Il colore preferito da Sartre e dagli esistenzialisti della
rive gauche risuona come il simbolo di un’inquietudine espressa attraverso la sintesi astratta di un’installazione claustrofobica e minimale. Con essa Lévêque affronta il mito della Grande rivoluzione in Francia,
Le grand soir (questo il titolo) dell’
ancien régime, che si pone come auspicio per un rinnovamento sociale anche oggi, almeno là dove “
gli uomini sognano l’insurrezione perché il buio delle loro esistenze è diventato troppo crudele”.
La notte cala anche su Gaia, un pianeta ormai oppresso dall’uomo. Così crede l’artista monegasco
Philippe Pastor, primo invitato del Principato di Monaco, che presenta il proprio Padiglione nazionale, segno di una rinnovata sensibilità per l’arte contemporanea che sta alimentando la politica culturale del principato.
Ospitate nella corte del palazzo del Presidio Militare, le tre grandi opere di Pastor si presentano come immagini della Terra scattate dal satellite. È il cielo che guarda la Terra (come indica il titolo,
Le ciel regarde la terre) e che vede immagini di devastazione.
Si tratta di pannelli lignei di molti metri d’ampiezza, su cui cola una pittura astratta realizzata con pigmenti naturali provenienti dal Marocco (ocra e marrone, blu, verde), uniti a elementi naturali (rami, foglie secche, sabbia ecc.) manipolati e plasmati attraverso il fuoco, l’acqua e l’uso dell’aria compressa. Il trittico è composto da
Les cyclones,
Le pole nord,
La nature défigurée, e sono i tre atti di un dramma che ha per titolo il riscaldamento globale.

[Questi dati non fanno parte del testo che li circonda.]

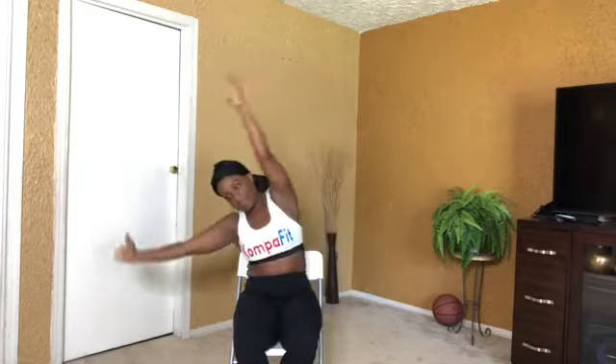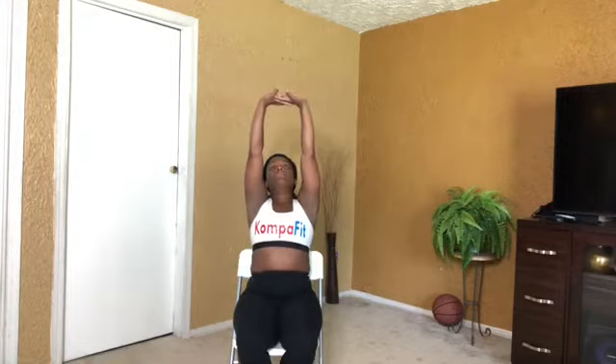I'm going to pretend this chair is my bed. I sit up and then stretch to the right, go back and forth, and breathe while I'm stretching — breathe in, breathe out. Then I stretch forward and put my arms up. That's what the seated bed stretch looks like.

Seguendo una linea tracciata da
Alberto Burri, Pastor non esita ad agire sulla materia con la fiamma ossidrica, per rappresentare il mondo così come lo vedono i satelliti. Si tratta però d’un mondo irriconoscibile, disciolto nel colore di un espressionismo astratto al quale l’artista avvicina un gruppo di alberi bruciati da un incendio doloso, su cui applica rottami provenienti da luoghi ove sono avvenuti attentati terroristici.
Lo sfondo sociale di quest’arte si rivela nell’impegno diretto dell’artista a favore del programma delle Nazioni Unite per l’ambiente e della campagna “Plantons pour la Planète”.